By Kalle Lindberg in Niger

Boureima Garba from Kourtéré village in Niger, is fortunate. He has land close to the river, can read and write, and has good access to local markets. Despite these advantages, there is still concern about the future because the rains were not as expected this year and his stocks are running dangerously low.

Another of Boureima’s problems is that food prices vary a lot. Rising fuel prices and increased demand has pushed up prices on staple foods like millet, sorghum and rice. At the same time vegetable prices have fallen since the insufficient rains have forced many farmers to switch from cultivating millet or sorghum to growing vegetables. Boureima used to be able to leave for the market with a basket of vegetables and return home with a sack of rice or millet. Now he has to sell twenty baskets of vegetables in order to be able to buy a sack of rice.

“I can’t eat five sacks of aubergines,” he says. “So we eat some and the rest is for selling to pay for other food items.”

Yet another of Boureima’s problems is that the river has become unpredictable. In the past they had the river right next to the village, but then the level started to vary. A couple of years ago the river reached its highest level in one hundred years and many families lost their houses. Now the river has receded to a much lower level, and the result is devastated fields and long walks in order to fetch water from the river to irrigate the vegetable garden.

“Over there, where there is sand now, we used to have rice fields,” says Boureima pointing at a field closer to the river. “But now everything is destroyed. It’s difficult to provide for your family. We’ve seen good times as well as bad times.”

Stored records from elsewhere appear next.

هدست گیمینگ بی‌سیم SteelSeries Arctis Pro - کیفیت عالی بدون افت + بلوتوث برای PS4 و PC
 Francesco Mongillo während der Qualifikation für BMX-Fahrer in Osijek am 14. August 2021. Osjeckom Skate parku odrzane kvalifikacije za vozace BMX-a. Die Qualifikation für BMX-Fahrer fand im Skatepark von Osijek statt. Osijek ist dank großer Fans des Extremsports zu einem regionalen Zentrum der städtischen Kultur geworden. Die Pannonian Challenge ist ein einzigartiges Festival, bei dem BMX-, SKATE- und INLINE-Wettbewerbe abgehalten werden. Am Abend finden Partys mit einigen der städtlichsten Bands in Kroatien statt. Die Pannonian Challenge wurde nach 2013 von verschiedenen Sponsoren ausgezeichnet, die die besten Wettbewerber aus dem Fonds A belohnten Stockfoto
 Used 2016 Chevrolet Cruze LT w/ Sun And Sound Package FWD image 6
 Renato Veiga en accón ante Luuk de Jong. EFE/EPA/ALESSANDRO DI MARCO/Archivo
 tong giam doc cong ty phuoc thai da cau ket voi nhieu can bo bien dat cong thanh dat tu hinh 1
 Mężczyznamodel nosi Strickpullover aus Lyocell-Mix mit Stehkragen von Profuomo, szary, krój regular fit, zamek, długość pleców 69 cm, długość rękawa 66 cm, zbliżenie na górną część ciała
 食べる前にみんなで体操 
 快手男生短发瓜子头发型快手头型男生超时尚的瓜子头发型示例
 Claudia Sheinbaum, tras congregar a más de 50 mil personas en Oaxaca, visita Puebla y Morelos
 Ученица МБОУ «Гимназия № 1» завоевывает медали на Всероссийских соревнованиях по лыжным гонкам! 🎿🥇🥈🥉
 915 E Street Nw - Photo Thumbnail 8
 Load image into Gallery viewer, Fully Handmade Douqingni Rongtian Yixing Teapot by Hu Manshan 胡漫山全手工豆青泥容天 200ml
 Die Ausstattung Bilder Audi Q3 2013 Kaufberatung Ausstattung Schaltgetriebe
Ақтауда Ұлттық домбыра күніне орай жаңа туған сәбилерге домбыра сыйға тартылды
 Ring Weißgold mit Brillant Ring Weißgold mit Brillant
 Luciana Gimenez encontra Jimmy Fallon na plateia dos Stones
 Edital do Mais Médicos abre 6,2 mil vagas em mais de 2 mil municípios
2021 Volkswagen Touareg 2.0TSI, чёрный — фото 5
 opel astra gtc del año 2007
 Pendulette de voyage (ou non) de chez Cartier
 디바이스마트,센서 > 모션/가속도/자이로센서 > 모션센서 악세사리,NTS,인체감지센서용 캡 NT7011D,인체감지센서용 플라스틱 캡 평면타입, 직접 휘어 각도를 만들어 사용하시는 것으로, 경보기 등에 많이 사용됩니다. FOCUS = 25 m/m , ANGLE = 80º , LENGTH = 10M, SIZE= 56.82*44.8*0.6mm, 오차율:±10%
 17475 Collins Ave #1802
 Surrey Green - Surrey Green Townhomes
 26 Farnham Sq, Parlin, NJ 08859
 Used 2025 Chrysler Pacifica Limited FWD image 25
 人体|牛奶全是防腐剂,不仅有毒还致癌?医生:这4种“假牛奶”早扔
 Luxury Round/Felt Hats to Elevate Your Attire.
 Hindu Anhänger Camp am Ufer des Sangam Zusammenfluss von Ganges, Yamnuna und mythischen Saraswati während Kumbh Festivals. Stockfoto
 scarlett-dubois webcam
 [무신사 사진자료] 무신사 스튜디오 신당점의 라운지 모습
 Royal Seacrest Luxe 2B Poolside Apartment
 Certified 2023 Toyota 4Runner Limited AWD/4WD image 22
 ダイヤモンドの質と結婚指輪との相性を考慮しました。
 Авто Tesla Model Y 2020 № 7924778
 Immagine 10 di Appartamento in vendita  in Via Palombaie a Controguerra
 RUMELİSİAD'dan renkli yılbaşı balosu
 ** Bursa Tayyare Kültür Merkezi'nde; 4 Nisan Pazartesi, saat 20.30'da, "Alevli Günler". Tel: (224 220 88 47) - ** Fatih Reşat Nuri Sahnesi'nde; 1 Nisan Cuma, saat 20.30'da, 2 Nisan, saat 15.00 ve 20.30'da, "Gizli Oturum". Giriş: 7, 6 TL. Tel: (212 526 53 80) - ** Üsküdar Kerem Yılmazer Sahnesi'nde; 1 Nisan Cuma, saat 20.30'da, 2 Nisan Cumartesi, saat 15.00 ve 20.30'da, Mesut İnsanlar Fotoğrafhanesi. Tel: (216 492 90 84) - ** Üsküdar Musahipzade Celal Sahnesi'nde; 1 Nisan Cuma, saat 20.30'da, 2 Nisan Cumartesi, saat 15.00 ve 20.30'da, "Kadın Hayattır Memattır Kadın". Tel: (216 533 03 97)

It stands to reason that the farmers in Niger are used to bad times. They live close to the Sahara desert and know that they can’t count on the rains. That’s why they have their tricks to get by in bad times. One way is to reduce the size of the herds. But that doesn’t work so well today, when the prices of cereals are at record levels at the same time as cattle prices have collapsed.

“You sell your goat and what you get isn’t even enough for a sack of millet. So what are you supposed to do? You risk selling all your animals for three or four sacks of rice or millet.”

Another old survival strategy applied by the men in the villages is to leave looking for work in other places. But now conflicts in the neighbouring countries have forced many migrant workers to return to Niger. That means more mouths to feed and fewer respources with which to buy food.

“You’d think that this would suffice to support a family,” says Boureima as he casts his eye over the farm with the goats, the garden and rice field. “But the animals want hay and fodder and the children also want something to eat.”

Even though Boureima keeps repeating that the coming months will be difficult for him and his family, he’s well aware that they are lucky compared to many others in Niger. He has his garden, his animals and two sacks of rice. There are many who have nothing. And the number of people who have nothing keeps increasing day by day in both Niger and across the whole Sahel region.

“Life is difficult all over Niger. But there are many who are worse off than us. There are those who have nothing. If this continues, people will either leave or die,” he says.